Work instructions: Only the lines from the one containing "Landscape Watercolor Postcards" to the end of the records should be given again, word for word and in full.

(Caption-style text data)
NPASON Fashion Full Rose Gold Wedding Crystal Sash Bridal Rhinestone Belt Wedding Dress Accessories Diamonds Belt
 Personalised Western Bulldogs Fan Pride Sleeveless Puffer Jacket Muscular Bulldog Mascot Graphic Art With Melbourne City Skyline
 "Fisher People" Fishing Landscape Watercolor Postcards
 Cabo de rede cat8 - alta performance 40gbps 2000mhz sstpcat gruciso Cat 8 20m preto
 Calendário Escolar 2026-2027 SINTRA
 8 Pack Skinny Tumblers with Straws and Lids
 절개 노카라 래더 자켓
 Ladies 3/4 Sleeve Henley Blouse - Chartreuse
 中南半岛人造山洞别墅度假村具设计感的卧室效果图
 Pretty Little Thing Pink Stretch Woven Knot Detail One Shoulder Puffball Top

Exercise response:
 "Fisher People" Fishing Landscape Watercolor Postcards
 Cabo de rede cat8 - alta performance 40gbps 2000mhz sstpcat gruciso Cat 8 20m preto
 Calendário Escolar 2026-2027 SINTRA
 8 Pack Skinny Tumblers with Straws and Lids
 절개 노카라 래더 자켓
 Ladies 3/4 Sleeve Henley Blouse - Chartreuse
 中南半岛人造山洞别墅度假村具设计感的卧室效果图
 Pretty Little Thing Pink Stretch Woven Knot Detail One Shoulder Puffball Top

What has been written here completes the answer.